START Records for this exercise

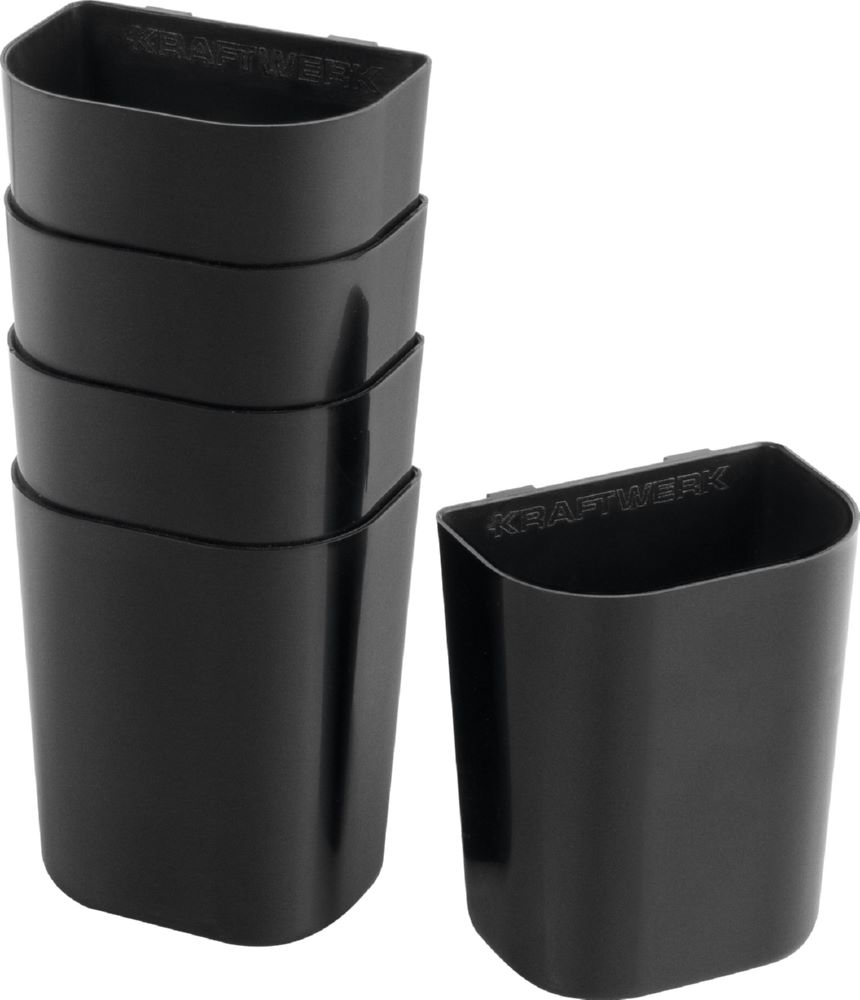 Produktbild Kraftwerk Universalbehälter 90x75x50 mm bild 1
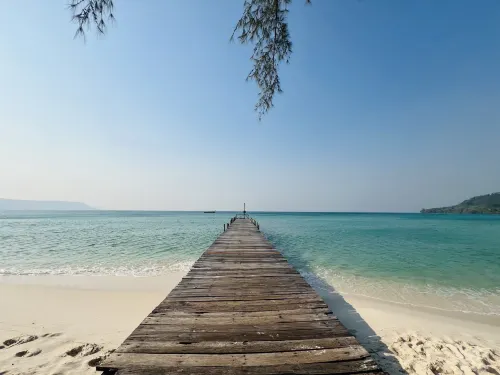 Sok San Beach Resort Xung quanh Photos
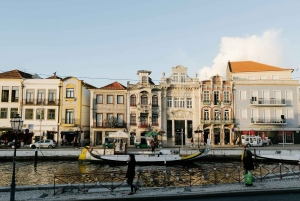 Porto: Adventure from lisbon to porto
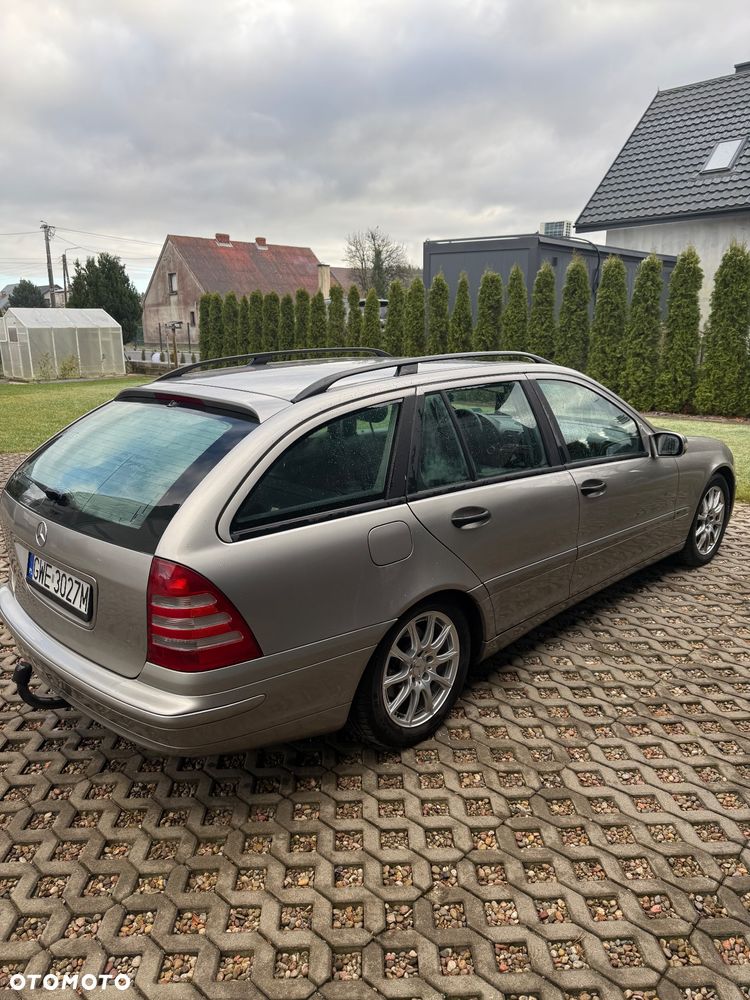Mercedes-Benz Klasa C - 4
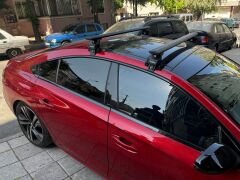 Peugeot 508 2018-2025 Portbagaj Taşıyıcı Ara Atkısı Oluksuz Toros Pro 4 Gri
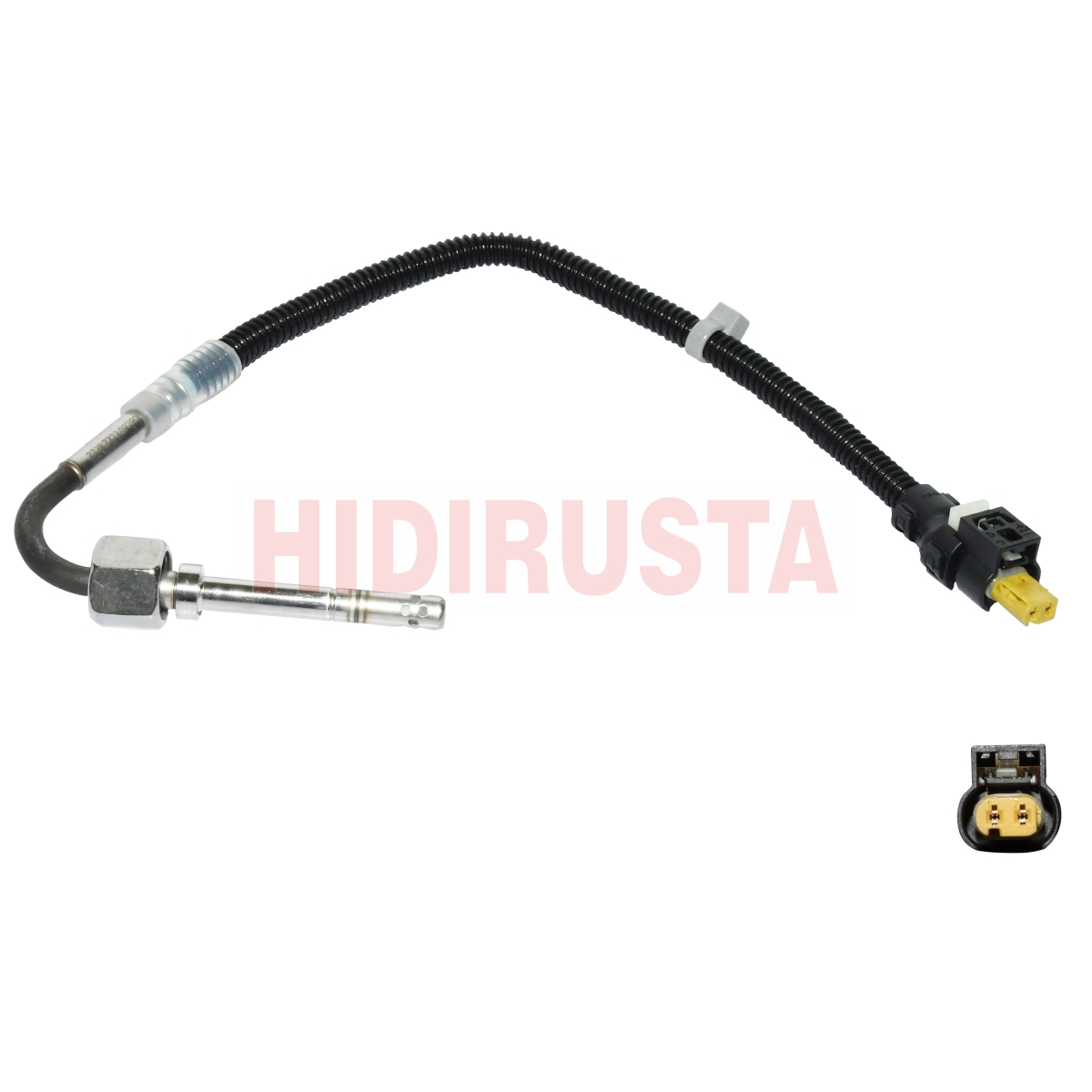 Eksoz Sıcaklık Sensörü 166, 292 | OEM A0009056904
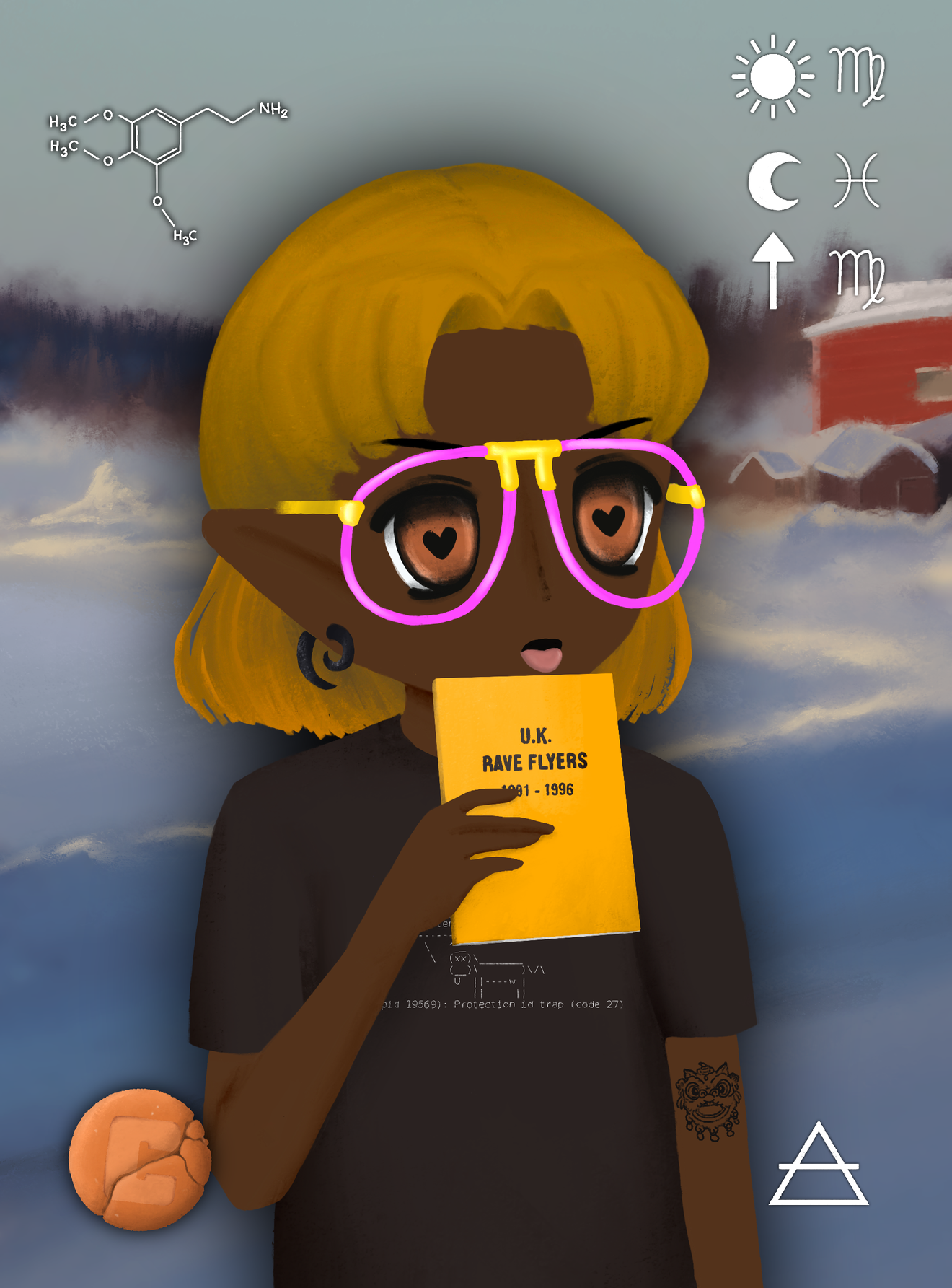 Mibera #3361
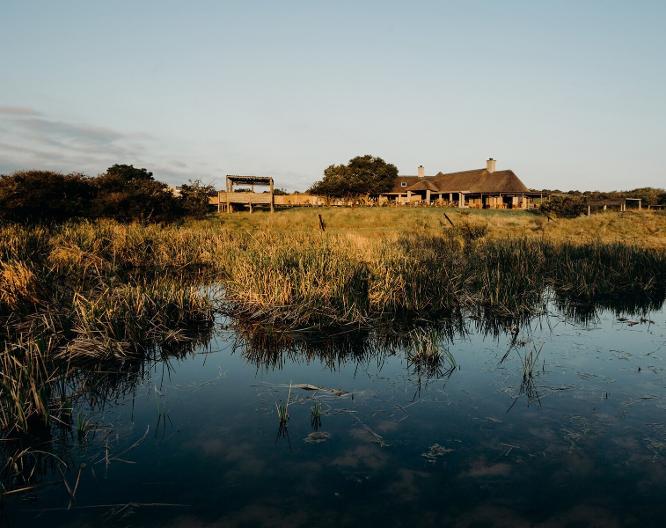 Hlosi Game Lodge - Paysage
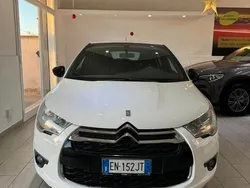 Bianco Usata 2012 Citroën DS4 Due volumi | 7999 €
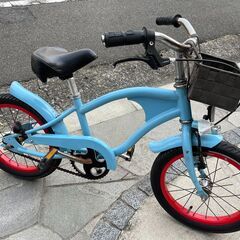 子供用自転車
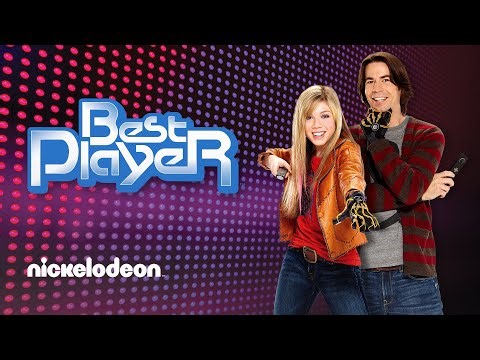 Nickeldeon's Best Player - (FULL MOVIE)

END Records for this exercise

> Your task
Write out the entries above word for word. Do not include the pictures.

> Exercise output
 Produktbild Kraftwerk Universalbehälter 90x75x50 mm bild 1
 Sok San Beach Resort Xung quanh Photos
 Porto: Adventure from lisbon to porto
Mercedes-Benz Klasa C - 4
 Peugeot 508 2018-2025 Portbagaj Taşıyıcı Ara Atkısı Oluksuz Toros Pro 4 Gri
 Eksoz Sıcaklık Sensörü 166, 292 | OEM A0009056904
 Mibera #3361
 Hlosi Game Lodge - Paysage
 Bianco Usata 2012 Citroën DS4 Due volumi | 7999 €
 子供用自転車
 Nickeldeon's Best Player - (FULL MOVIE)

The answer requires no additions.